4.2. Parallel models for SpecTcl

This section will consider two parallel models for SpecTcl. In both models, the worker processes analyze work items sent by the rank 0 process and, at the end of analysis, are queried for their spectra.

The model we will consider in the next chapter uses work units that are a single block of complete ring items. In that model, the rank 0 process has a file data getter, and an mpidistributor while all other processes have an mpi data getter and an analyzer distributor.

Each block of data is distributed to the next requestor. Each process that is not rank 0 is given the entire configuration file and independently histograms. When analysis is completed, spectra are gathered from the non rank 0 workers and summed into the rank 0 process from which they can be written.

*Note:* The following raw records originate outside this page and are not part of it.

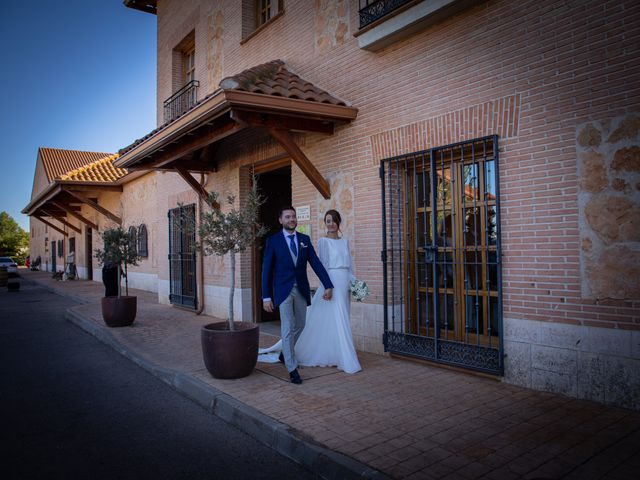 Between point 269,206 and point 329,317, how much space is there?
15.1ft

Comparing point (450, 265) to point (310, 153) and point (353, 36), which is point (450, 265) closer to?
point (310, 153)

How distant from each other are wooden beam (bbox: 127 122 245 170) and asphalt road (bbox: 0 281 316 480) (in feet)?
11.5

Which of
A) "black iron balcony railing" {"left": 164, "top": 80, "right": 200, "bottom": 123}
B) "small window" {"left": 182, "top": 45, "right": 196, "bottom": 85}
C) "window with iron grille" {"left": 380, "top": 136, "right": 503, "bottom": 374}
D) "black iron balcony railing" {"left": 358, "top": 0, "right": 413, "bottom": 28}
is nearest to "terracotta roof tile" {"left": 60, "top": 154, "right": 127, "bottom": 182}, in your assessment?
"black iron balcony railing" {"left": 164, "top": 80, "right": 200, "bottom": 123}

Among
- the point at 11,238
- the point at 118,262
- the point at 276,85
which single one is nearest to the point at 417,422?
the point at 276,85

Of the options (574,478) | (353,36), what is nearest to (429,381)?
(574,478)

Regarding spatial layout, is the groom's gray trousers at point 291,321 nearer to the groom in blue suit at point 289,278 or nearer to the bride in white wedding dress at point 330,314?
the groom in blue suit at point 289,278

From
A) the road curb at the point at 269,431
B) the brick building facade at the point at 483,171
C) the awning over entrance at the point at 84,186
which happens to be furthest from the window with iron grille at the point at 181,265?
the road curb at the point at 269,431

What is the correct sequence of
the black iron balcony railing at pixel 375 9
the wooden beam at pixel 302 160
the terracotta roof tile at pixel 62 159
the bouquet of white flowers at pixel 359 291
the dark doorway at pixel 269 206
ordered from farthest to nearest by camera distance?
the terracotta roof tile at pixel 62 159 < the dark doorway at pixel 269 206 < the wooden beam at pixel 302 160 < the black iron balcony railing at pixel 375 9 < the bouquet of white flowers at pixel 359 291

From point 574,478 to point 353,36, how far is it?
5921 millimetres

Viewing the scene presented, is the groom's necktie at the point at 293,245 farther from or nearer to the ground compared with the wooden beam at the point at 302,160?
nearer to the ground

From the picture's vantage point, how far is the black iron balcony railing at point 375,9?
5.92 metres

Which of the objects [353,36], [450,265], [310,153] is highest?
[353,36]

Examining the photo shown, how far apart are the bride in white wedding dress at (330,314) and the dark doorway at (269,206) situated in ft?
12.0

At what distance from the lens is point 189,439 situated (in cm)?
396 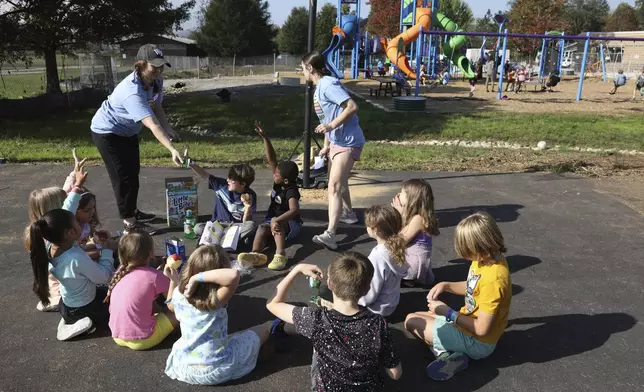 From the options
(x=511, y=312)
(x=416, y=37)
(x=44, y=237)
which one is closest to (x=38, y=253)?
(x=44, y=237)

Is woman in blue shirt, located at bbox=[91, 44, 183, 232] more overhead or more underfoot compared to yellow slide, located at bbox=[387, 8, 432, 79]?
more underfoot

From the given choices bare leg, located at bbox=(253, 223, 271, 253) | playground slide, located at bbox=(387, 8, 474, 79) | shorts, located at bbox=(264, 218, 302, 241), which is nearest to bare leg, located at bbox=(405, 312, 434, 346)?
bare leg, located at bbox=(253, 223, 271, 253)

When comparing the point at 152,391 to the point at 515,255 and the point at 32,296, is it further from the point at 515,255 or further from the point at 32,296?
the point at 515,255

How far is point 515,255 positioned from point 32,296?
4.26 meters

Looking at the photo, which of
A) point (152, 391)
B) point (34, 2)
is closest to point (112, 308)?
point (152, 391)

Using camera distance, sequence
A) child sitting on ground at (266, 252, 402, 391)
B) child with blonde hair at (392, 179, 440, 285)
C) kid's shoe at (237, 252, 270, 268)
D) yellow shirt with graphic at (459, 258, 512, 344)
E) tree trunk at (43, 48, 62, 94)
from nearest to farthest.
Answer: child sitting on ground at (266, 252, 402, 391) < yellow shirt with graphic at (459, 258, 512, 344) < child with blonde hair at (392, 179, 440, 285) < kid's shoe at (237, 252, 270, 268) < tree trunk at (43, 48, 62, 94)

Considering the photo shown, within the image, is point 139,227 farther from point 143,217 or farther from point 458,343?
point 458,343

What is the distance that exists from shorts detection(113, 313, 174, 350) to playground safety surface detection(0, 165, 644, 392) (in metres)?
0.05

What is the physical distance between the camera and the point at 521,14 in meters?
44.3

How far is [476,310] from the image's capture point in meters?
3.09

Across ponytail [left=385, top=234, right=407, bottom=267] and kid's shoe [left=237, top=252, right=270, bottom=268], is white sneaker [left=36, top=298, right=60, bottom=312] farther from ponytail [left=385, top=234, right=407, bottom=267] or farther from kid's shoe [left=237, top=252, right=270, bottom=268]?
ponytail [left=385, top=234, right=407, bottom=267]

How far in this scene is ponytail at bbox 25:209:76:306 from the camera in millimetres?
3016

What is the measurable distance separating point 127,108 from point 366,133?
28.0 feet

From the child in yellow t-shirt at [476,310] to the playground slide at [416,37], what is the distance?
21596 mm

This model should scale linearly until I/O limitations bottleneck the computation. Note that included in the I/O limitations are file read performance and communication costs between the workers and the rank 0 process. This process is, most often, suitable. We'll call this model serial I/O parallel computation

If the files to be analyzed are scattered across multiple servers, parallel I/O can be performed. This model Parallel I/O parallel computation can be implemented without using the additional getter/distributors in the mpispectcl package. It should scale up to the aggregate I/O bandwidth.

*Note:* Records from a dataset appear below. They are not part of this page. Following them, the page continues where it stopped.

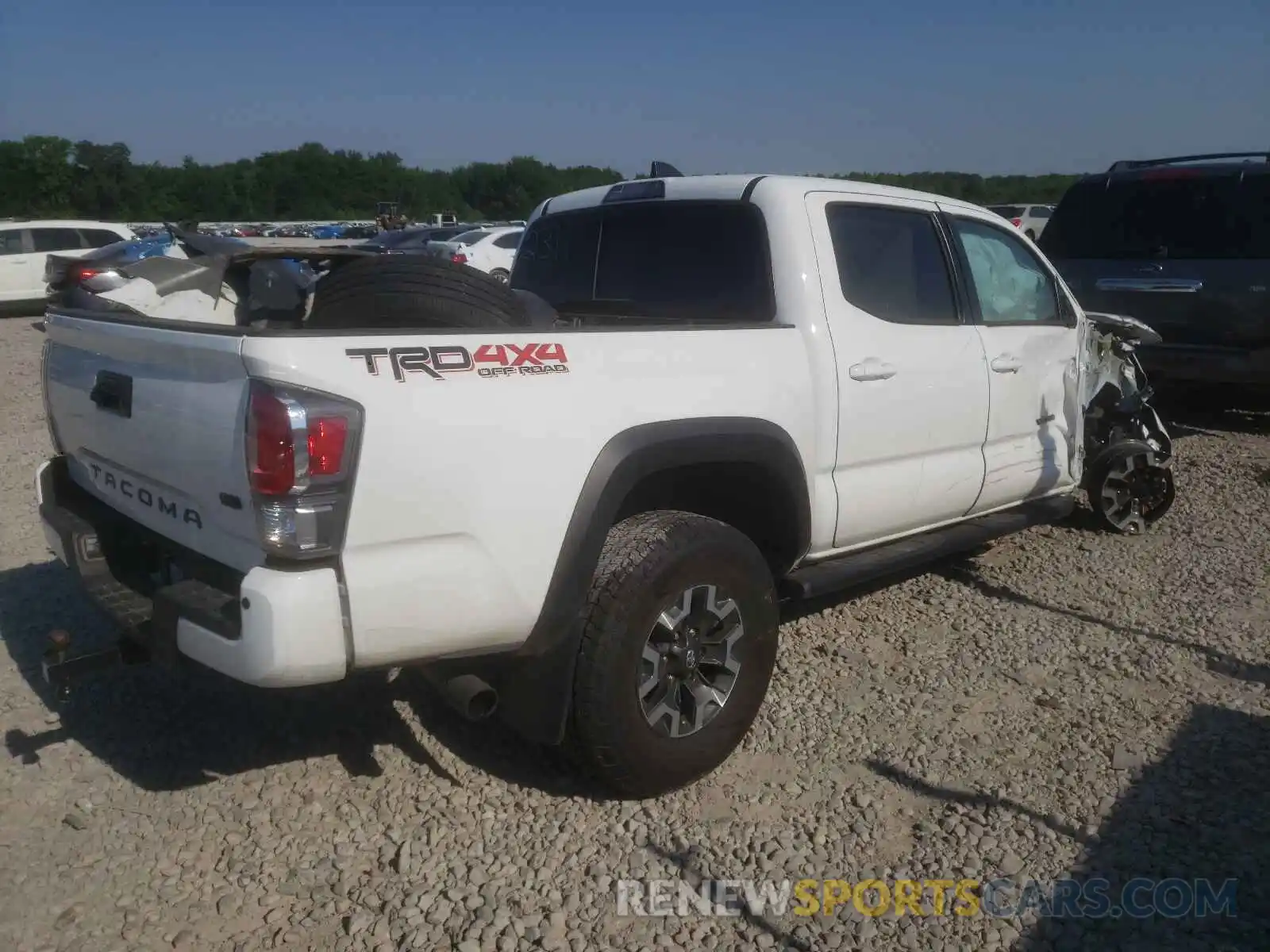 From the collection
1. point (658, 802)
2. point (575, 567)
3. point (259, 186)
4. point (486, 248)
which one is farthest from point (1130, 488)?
point (259, 186)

In this second model, all non rank 0 processes are independent batch Spectcls with the exception that the rank 0 process feeds each of them a set of files to analyze.

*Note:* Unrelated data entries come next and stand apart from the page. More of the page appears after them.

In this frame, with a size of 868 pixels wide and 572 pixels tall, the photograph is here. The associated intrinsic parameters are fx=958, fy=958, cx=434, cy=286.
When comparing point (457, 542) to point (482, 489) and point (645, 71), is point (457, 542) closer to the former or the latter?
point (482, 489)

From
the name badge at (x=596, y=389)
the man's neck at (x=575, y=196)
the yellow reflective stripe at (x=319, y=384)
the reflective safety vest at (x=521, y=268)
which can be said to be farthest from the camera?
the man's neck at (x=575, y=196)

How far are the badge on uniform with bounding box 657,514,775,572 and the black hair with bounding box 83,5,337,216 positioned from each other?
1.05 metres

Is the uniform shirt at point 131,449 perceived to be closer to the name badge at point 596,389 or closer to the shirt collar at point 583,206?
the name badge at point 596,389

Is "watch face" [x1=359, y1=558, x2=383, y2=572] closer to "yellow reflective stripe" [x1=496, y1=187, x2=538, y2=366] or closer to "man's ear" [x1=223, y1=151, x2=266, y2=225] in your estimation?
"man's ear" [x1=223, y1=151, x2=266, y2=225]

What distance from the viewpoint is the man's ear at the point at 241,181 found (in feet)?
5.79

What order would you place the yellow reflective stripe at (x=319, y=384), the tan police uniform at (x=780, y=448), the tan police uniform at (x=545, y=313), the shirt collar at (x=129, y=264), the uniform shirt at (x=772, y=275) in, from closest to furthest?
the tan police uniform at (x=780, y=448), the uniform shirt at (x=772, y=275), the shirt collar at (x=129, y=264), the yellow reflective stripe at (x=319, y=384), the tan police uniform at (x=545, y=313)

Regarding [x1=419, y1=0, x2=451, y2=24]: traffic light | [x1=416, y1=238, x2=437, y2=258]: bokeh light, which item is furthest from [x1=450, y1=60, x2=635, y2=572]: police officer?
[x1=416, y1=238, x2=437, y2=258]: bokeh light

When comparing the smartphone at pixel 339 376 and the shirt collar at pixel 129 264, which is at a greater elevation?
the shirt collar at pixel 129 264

Since traffic shaping is important, each worker might be given a set of files that are on one server. The files are serially analyzed by each non rank 0 process and, when each process is done, it notifies the rank 0 process which collects the spectra from that process summing it into the spectra it has. When all workers are done, the rank 0 process can save spectra.

This model has more limited application as it requires data to be distributed in some manner on the network. It is possible and relatively simple to implement.